Anyone else like lemon curd to the point where you find any excuse to put it on something? I do! This recipe is a keeper because it's super versatile. I like the curd sandwiched between cookies, slathered on a slice of pound cake (my fave!), used as a fruit tart filling, or just kept simple as a fresh fruit dip. I've even used it as a filling for a Spring blueberry layered caked. Can't go wrong. My husband's not a big fan of lemon or lemon desserts, and he even loves this in cookie sandwiches.


This recipe was inspired by a couple of "firsts" for me: my first Meyer lemon harvest from my first lemon tree, and the first lavender I ever harvested from my garden. I picked and dried the lavender and stored it away in a glass jar. Then I came up with a dozen ways to use it, including this recipe.


This curd isn't too tart for those who don't like really lemony things (like my husband). And the lavender isn't too strong for those who don't like a lot of floral flavor. Like Goldilocks and the bears, it's just right. And I could eat it straight out of a jar. (Meyer lemons can be on the sweet side, so sometimes I adjust the sugar down to just 1 cup.)
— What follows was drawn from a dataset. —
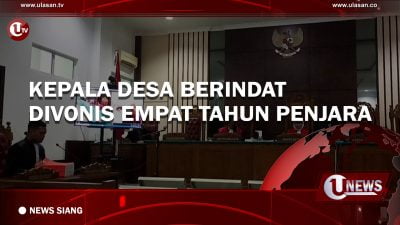[Video] Kepala Desa Berindat Divonis Empat Tahun Penjara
The curd will keep for up to 3 weeks in the fridge. Have fun experimenting! Would love to hear how you use it!




Meyer Lemon Lavender Curd

makes about 3 ball jars


1 1/4 cups sugar

1/4 pound unsalted butter, room temperature

4 large eggs

4 large Meyer lemons, or about 1/2 cup Meyer lemon juice

1 tablespoon lavender

pinch of salt



Cream the butter and sugar with a hand mixer or in a stand mixer until light yellow. Add the eggs and continue beating on low speed. Then mix in the Meyer lemon juice, lavender, and salt. The mixture will look curdled, but don't worry!


Pour the curd mixture into a medium saucepan. Stirring constantly, cook the mixture over medium-low heat until it starts to thicken. This could take 7-15 minutes depending on your stove. It should thicken to the consistency of cream gravy! Remove from the heat quickly once it has thickened. If you're worried about some curdling in the texture, pour the mixture through a sieve into a bowl (or straight into ball jars) to remove any curds. Optionally, sieve out the lavender if you prefer to have the flavor of the lavender but none of the flowers. (This is what I do for my husband.)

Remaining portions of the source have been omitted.